A sessão solene de abertura do evento aconteceu na noite desta quarta-feira (13), com a conferência “A ruína da presunção de inocência”, do professor de Direito Constitucional da Universidade Federal do Paraná, Jacinto Nelson de Miranda Coutinho. Após a conferência, foi realizada mesa-redonda sobre “Garantias Constitucionais Penais e Processuais”, presidida pela professora Karina Nogueira (Unicap) e com a participação dos professores Alfredo Copetti Neto (Unijui/Unioeste) – Garantismo Sem Garantias; Francesco Rigano (Unipv-Itália) – A criminalização da violação dos direitos fundamentais: o impacto do direito internacional sobre o processo a partir do caso Taricco na Itália; e Sandro Staiano (Unina-Itália) – O princípio constitucional da legalidade em matéria penal: erosão das jurisdições e mudança do parâmetro.

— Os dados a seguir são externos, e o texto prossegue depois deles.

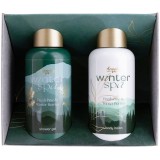 Accentra Winter Spa Fresh Pine &amp; Winterberries set cadou pentru baie parfum Fresh Pine &amp; Winterberries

Na abertura do Congresso, o vice-coordenador do Programa de Pós-graduação em Direito da Unicap, e um dos coordenadores do encontro, professor João Paulo Allain Teixeira, cumprimentou e agradeceu a presença de todos e disse: “O Publius está na edição 2017 e tem a proposta de enfrentarmos a seguinte pergunta: precisamos de uma nova Constituição? Esse é um momento oportuno para discutir isso no Brasil, já que as coisas estão acontecendo de forma imprevisível e, sobretudo, na aproximação dos 30 anos da Constituição de 1988, a partir do próximo ano. Pelo que a gente escuta sempre por aí, alguns já defendem abertamente a necessidade de uma nova Constituição. Eu acho que esse é um tema que precisa ser enfrentado com muita cautela. Então, esse é um evento realizado anualmente em parceria com a Universidade Federal de Pernambuco, um momento raro, importante para juntos debatermos e refletirmos sobre os caminhos do Direito Constitucional do nosso país. Quero dar as boas-vindas a todos, quero desejar um bom evento, bom trabalho e muitas ideias e reflexões que saiam daqui e que resultem em muitos textos, artigos, acordos de cooperação e convênio, tudo que a gente deseja na área acadêmica”.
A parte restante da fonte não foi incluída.